» TASK INPUTS
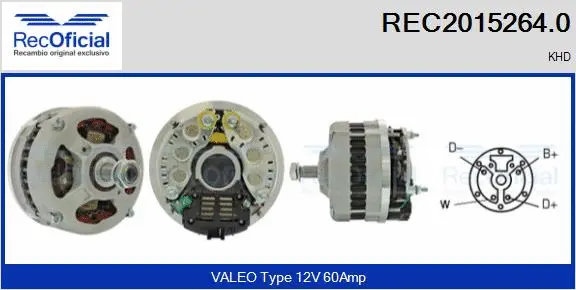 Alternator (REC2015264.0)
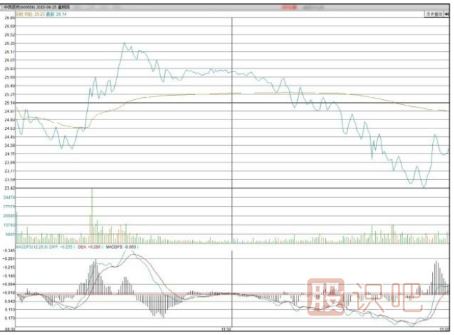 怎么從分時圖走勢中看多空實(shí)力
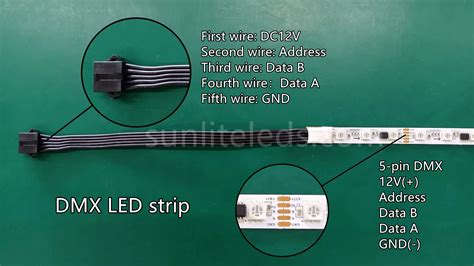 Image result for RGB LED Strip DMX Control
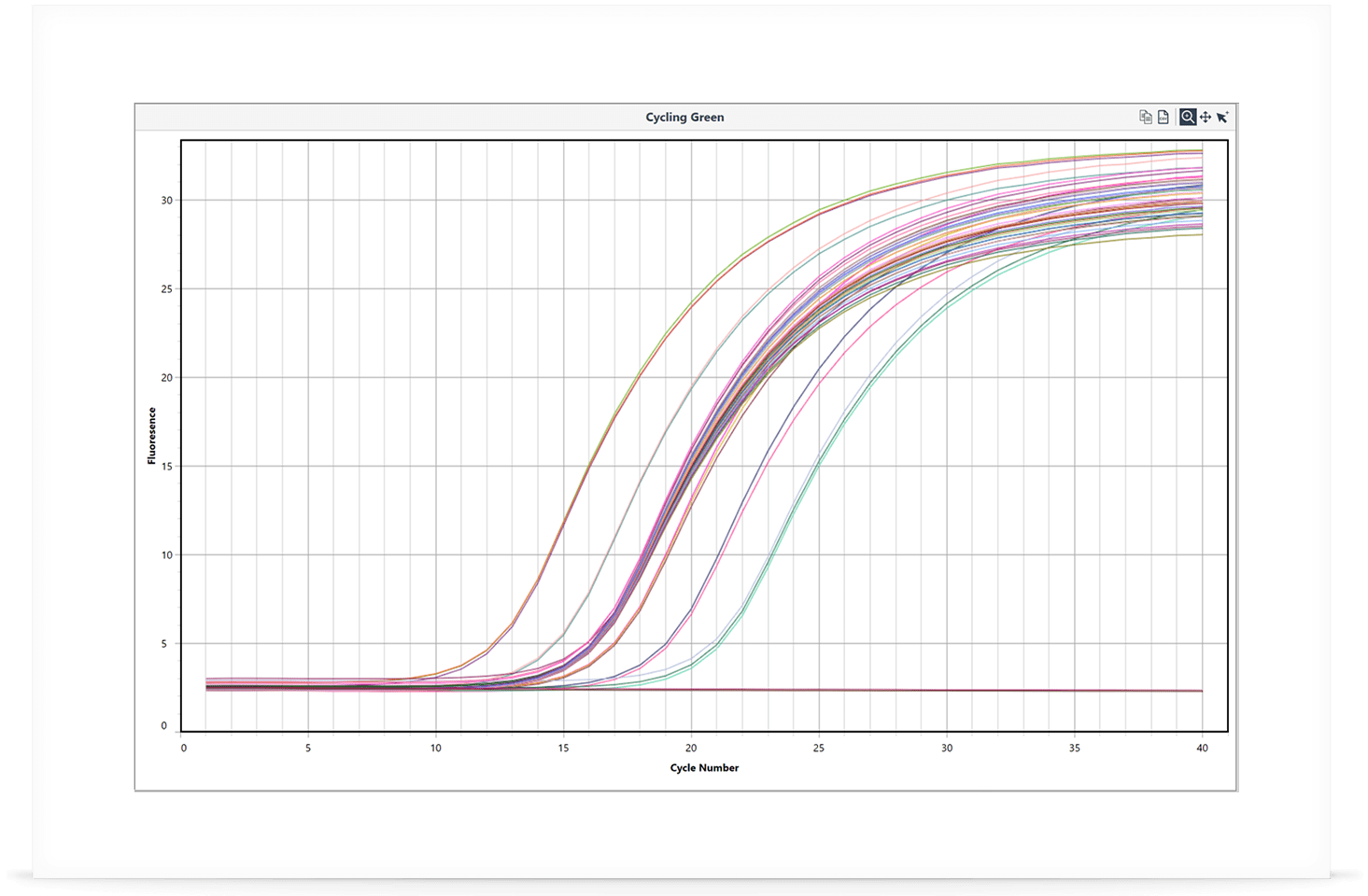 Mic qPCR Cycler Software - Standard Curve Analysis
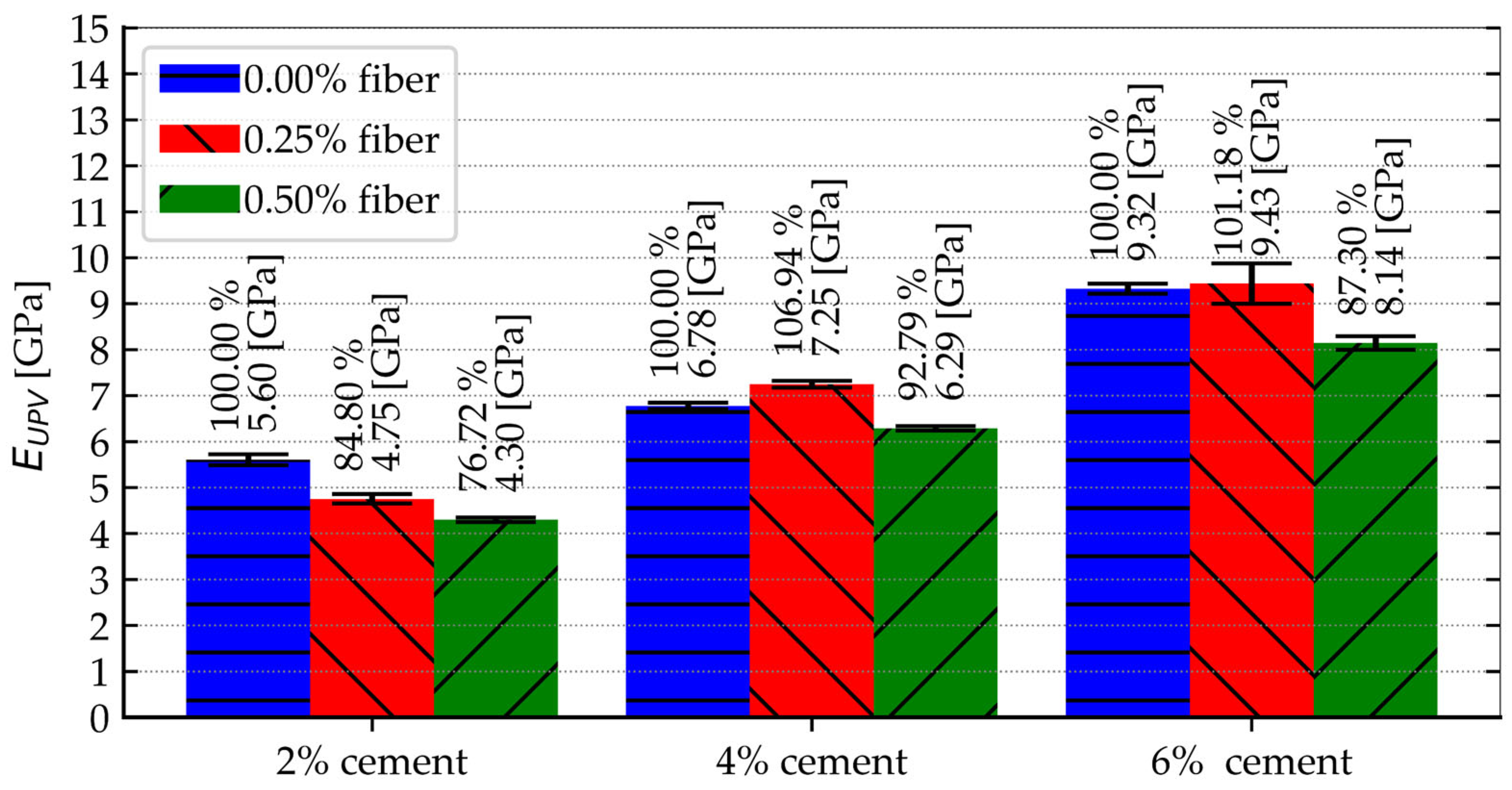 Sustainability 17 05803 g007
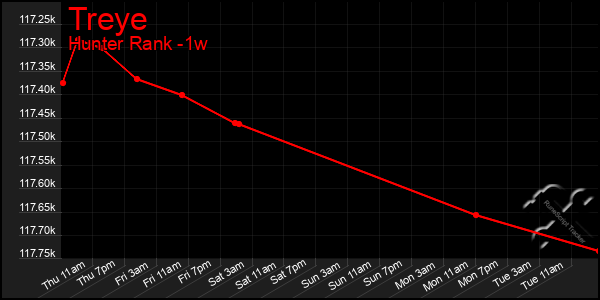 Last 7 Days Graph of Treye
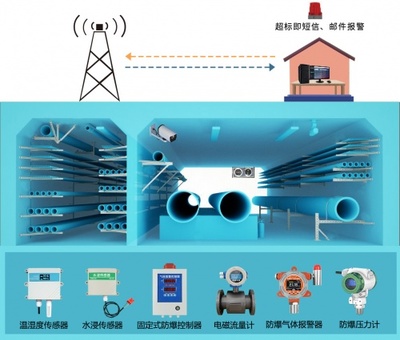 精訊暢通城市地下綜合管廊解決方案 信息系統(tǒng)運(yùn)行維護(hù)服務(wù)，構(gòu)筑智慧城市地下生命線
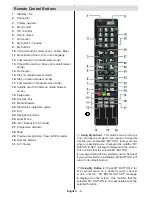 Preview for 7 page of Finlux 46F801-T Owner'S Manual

» EXERCISE
Repeat word for word only the lines from the line holding "怎么從分時圖走勢中看多空實(shí)力" to the final line of the material, both included. Don't carry over any picture.

» OUTPUT OF THE EXERCISE
 怎么從分時圖走勢中看多空實(shí)力
 Image result for RGB LED Strip DMX Control
 Mic qPCR Cycler Software - Standard Curve Analysis
 Sustainability 17 05803 g007
 Last 7 Days Graph of Treye
 精訊暢通城市地下綜合管廊解決方案 信息系統(tǒng)運(yùn)行維護(hù)服務(wù)，構(gòu)筑智慧城市地下生命線
 Preview for 7 page of Finlux 46F801-T Owner'S Manual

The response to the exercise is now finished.